O referido decreto-lei manteve em vigor o regime instituído pelo decreto-lei n.º 24046 de 21 de junho, permitindo aos seus contribuintes a adesão facultativa ao novo Estatuto das Pensões de Sobrevivência.
O decreto-lei n.º 343/91, de 17 de setembro, veio harmonizar os dois regimes de sobrevivência dando nova redação ao capítulo VII do decreto-lei nº 142/73 quanto à aplicação do EPS aos contribuintes do regime do decreto-lei n.º 24 046, de 21.06.
No caso, BB nunca requereu à CGA a retroação da inscrição e de contagem de tempo nos termos do Decreto-Lei n.º 142/73, de 31.03, razão pela qual nunca lhe foi solicitado a regularização das quotizações em falta.
Assim, de acordo com o estabelecido nos artigos 61.º e seguintes do Decreto-lei n.º 142/73, de 31.03, ao requerer a pensão de sobrevivência, o autor acionou a retroação da contagem do tempo que a sua esposa beneficiou do regime do Decreto-lei n.º 24 046, de 21 de junho de 1934.
Por essa razão, para o autor beneficiar da pensão de sobrevivência é necessária a liquidação das quotas em dívida que ascendem ao valor global de € 19.351,78.
Não sendo crível que o autor pretenda ter uma pensão de 1.800$00 correspondente às quotas mensais de 15$00, pagas por BB, nos termos do disposto no artigo 2.º do Decreto-lei n.º 24 046, de 21 de junho de 1934, sendo certo que a lei impõe que apenas releve no cálculo da pensão de sobrevivência o tempo de serviço em relação ao qual tenham sido ou venham a ser pagas quotas nos termos do artigo 11.º do EPS.

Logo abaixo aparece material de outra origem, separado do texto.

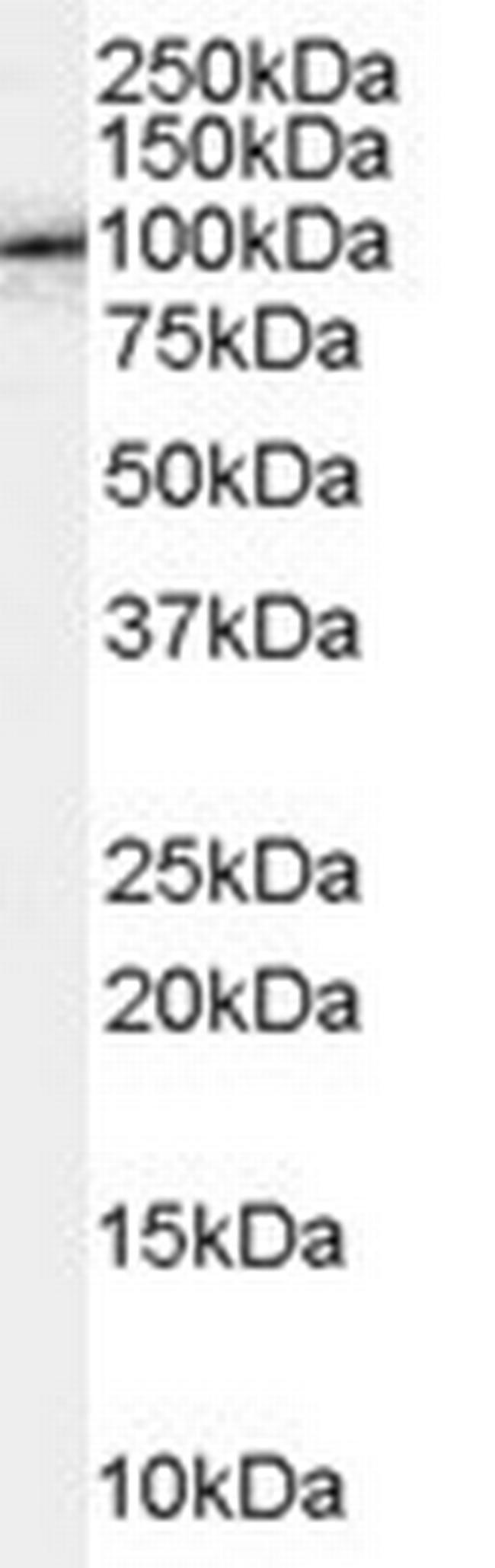 Fe65 Antibody in Western Blot (WB)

Podendo a retroação da contagem de tempo de serviço ser requerida a todo o tempo, gerando assim a obrigação de liquidação de valores em dívida, nos termos do artigo 6.º e do n.º 2 do artigo 61.º do Decreto-Lei n.º 142/73, de 31 de março.
A dívida de quotas está corretamente calculada não padecendo o despacho impugnado de qualquer vício.
Pede a improcedência da ação e a absolvição da ré do pedido.
1.3. Em 15/05/2022, a 1.ª Instância proferiu decisão em que fixou o valor da ação em € 19.351,78 (dezanove mil, trezentos e cinquenta e um mil euros e setenta e oito cêntimos), nos termos do artigo 32.º n.º 2 do CPTA, e julgou a ação procedente, cujo dispositivo é o seguinte:
«Tudo visto e ponderado, e com base nos fundamentos expostos, julga-se procedente a presente ação, anulando-se a decisão da Caixa Geral de Aposentações, I.P., de 16.12.2020, no segmento em que procedeu à fixação de um valor em dívida à CGA, correspondente a prestações não efetuadas pela esposa do autor, entretanto falecida, no montante de € 19.351,78 e respetivo plano de pagamento, com as legais consequências.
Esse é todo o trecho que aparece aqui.